Bernard Le Borgne : Photographe, 
correspondant de presse,
et journaliste indépendant.

L'appareil photo de Bernard Le Borgne

Journaliste indépendant et correspondant de presse de 1989 à sa disparition en 2008, Bernard exerçait dans les communes de l’ancien canton de La Chèze : Plémet, Coëtlogon, Plumieux, La Ferrière, Saint-Étienne-du-Gué-de-l’Isle, La Chèze, Saint-Barnabé, Le Cambout, La Prénessaye, ainsi que dans quelques communes du Morbihan, telles La Trinité-Porhoët et Mohon. Il était rarement possible de le croiser sans qu'il ne soit muni de son appareil photo. Son plus fidèle compagnon fut un Canon EOS, en mode argentique, qui lui permettait tout autant d’illustrer ses articles et ses papiers de presse que de figer pour son compte personnel les instantanés de la vie locale. Sans artifice, sans pose de studio, Bernard aimait avant tout saisir l’instant fugace, figer les sourires et immortaliser les regards complices des constructeurs de festivités et des compagnons du partage. Ses clichés monochromes où se reflètent toutes les couleurs de la vie, apportent un témoignage unique de la vie locale d’alors. Le travail du correspondant de presse à la fin du XXe siècle avait peu de choses à voir avec celui d’aujourd’hui sur le plan de la récolte des informations et de leurs transmissions aux rédactions.

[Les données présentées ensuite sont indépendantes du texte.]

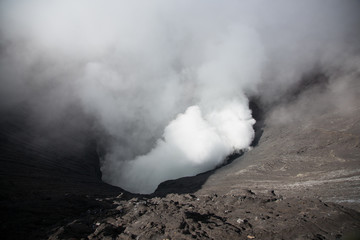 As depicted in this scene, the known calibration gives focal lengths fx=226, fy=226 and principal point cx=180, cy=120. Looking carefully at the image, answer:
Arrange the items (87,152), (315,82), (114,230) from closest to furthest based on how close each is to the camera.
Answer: (114,230), (87,152), (315,82)

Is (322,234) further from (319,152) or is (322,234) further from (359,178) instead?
(319,152)

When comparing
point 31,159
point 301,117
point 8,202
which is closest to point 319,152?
point 301,117

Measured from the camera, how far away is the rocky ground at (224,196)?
1121cm

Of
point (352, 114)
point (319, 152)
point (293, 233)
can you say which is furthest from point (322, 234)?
point (352, 114)

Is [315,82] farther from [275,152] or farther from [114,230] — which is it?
[114,230]

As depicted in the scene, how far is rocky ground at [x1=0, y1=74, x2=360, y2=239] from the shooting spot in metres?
11.2

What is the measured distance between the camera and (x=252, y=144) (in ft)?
118

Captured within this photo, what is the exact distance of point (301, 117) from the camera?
3397cm

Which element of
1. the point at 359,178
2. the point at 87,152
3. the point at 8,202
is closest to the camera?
the point at 8,202

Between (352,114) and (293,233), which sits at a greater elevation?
(352,114)

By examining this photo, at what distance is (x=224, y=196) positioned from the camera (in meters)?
16.9

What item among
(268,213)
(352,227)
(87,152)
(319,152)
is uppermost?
Answer: (87,152)

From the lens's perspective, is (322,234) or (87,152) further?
(87,152)

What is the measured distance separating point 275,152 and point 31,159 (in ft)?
90.6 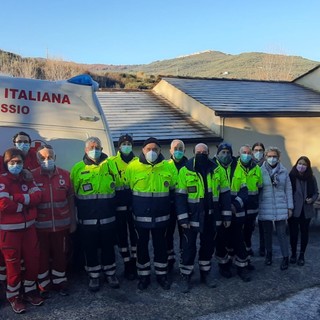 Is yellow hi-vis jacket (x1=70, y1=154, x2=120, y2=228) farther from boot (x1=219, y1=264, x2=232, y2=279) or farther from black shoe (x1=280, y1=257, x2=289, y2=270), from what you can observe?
black shoe (x1=280, y1=257, x2=289, y2=270)

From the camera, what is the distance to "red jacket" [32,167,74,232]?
442 cm

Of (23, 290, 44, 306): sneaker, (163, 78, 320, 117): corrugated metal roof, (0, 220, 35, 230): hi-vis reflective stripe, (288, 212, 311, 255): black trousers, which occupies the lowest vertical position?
(23, 290, 44, 306): sneaker

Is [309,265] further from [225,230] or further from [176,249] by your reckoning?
[176,249]

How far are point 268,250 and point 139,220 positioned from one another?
2.38 meters

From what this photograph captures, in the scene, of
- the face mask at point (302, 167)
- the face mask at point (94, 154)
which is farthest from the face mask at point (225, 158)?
the face mask at point (94, 154)

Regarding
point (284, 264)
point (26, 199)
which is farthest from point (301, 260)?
point (26, 199)

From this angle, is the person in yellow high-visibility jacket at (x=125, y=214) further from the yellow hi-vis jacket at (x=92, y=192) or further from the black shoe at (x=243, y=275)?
the black shoe at (x=243, y=275)

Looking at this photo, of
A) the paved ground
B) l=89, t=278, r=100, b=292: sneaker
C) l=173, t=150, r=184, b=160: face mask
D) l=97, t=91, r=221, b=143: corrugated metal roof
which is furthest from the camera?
l=97, t=91, r=221, b=143: corrugated metal roof

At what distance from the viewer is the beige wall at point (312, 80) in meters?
16.4

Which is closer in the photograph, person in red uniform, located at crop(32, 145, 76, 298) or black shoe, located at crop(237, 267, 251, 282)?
person in red uniform, located at crop(32, 145, 76, 298)

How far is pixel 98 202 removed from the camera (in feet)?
15.2

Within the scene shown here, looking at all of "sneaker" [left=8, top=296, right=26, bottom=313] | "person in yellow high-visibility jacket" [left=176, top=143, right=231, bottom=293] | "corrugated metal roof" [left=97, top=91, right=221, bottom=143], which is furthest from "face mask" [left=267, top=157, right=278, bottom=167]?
"corrugated metal roof" [left=97, top=91, right=221, bottom=143]

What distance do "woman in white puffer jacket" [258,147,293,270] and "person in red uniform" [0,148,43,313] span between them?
3309 millimetres

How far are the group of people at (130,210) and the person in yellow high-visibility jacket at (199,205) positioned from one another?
13 millimetres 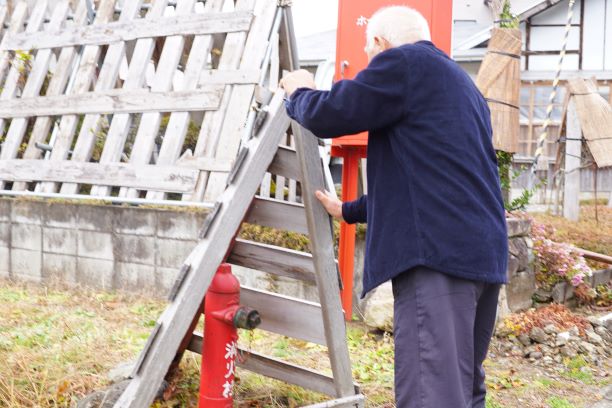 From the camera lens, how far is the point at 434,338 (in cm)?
245

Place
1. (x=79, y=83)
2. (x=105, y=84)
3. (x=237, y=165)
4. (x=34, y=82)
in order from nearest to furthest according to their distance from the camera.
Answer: (x=237, y=165)
(x=105, y=84)
(x=79, y=83)
(x=34, y=82)

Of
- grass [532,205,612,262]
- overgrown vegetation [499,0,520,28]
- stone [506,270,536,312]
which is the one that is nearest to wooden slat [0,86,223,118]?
stone [506,270,536,312]

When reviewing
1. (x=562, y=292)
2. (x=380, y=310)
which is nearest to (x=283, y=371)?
(x=380, y=310)

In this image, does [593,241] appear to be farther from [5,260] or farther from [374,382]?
[5,260]

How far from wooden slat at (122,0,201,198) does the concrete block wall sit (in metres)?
0.39

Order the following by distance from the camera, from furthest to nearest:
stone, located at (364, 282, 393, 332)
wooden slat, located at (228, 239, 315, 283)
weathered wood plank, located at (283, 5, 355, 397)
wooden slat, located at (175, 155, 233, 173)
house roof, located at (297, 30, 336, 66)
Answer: house roof, located at (297, 30, 336, 66) → wooden slat, located at (175, 155, 233, 173) → stone, located at (364, 282, 393, 332) → wooden slat, located at (228, 239, 315, 283) → weathered wood plank, located at (283, 5, 355, 397)

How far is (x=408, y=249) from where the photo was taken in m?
2.50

On a souvent prétendu que les correspondants de presse d’alors ne négligeaient pas le petit verre déposé sur le zinc du fait de leur passage quasi quotidien chez les bistrots de leurs secteurs. En réalité, leurs passages chez les bistrotiers étaient brefs et ne se résumaient la plupart du temps qu'au relevé de leurs boîtes aux lettres. En rétablissant les choses dans le contexte de l’époque, il faut prendre en compte qu’avant la popularisation des réseaux sociaux en France, qui n’interviendra qu’à partir des années 2010, la tradition voulait que les organisateurs d’évènements glissent leurs informations dans une boîte tenue par les bistrotiers à destination des correspondants locaux de presse. Au-delà de cette coutume établie dans les cafés qui étaient alors le point névralgique de l’actualité locale et du lien social, cette pratique de « pêche à l’information » était recommandée par les rédactions des journaux. En effet, on peut lire dans le très sérieux ouvrage de référence Le guide du correspondant de presse (2e édition, 2007) de la série Métier journaliste édité par les Presses Universitaire de France, ceci : « Afin de disposer d’éléments quotidiens concernant l’information locale, il est conseillé d’aller tous les jours voir les gendarmes, la secrétaire de mairie, et le café-tabac dans lequel on disposera d’une boîte aux lettres à destination des associations qui pourront y déposer leurs communiqués de presse et leurs diverses informations ». Cette pratique n’avait alors aucun rapport avec un degré supposé d’alcoolémie, contrairement à une légende tenace et tout autant malveillante. De ce fait, la plupart des correspondants de presse professionnels disposaient d’une boîte à lettres dans chaque café de son secteur. Bernard, quant à lui, avait largement étendu le champ d’application de ces boîtes aux lettres, puisqu’elles avaient également pour mission d’être des « boîtes à idées ». Il est à noter également que, comme les correspondants devaient quotidiennement s’informer auprès des gendarmes des faits éventuels du jour, les colporteurs de ragots n’hésitèrent aucunement à voir en cette pratique celle « d’indic », ce qui n’était bien évidemment aucunement le cas.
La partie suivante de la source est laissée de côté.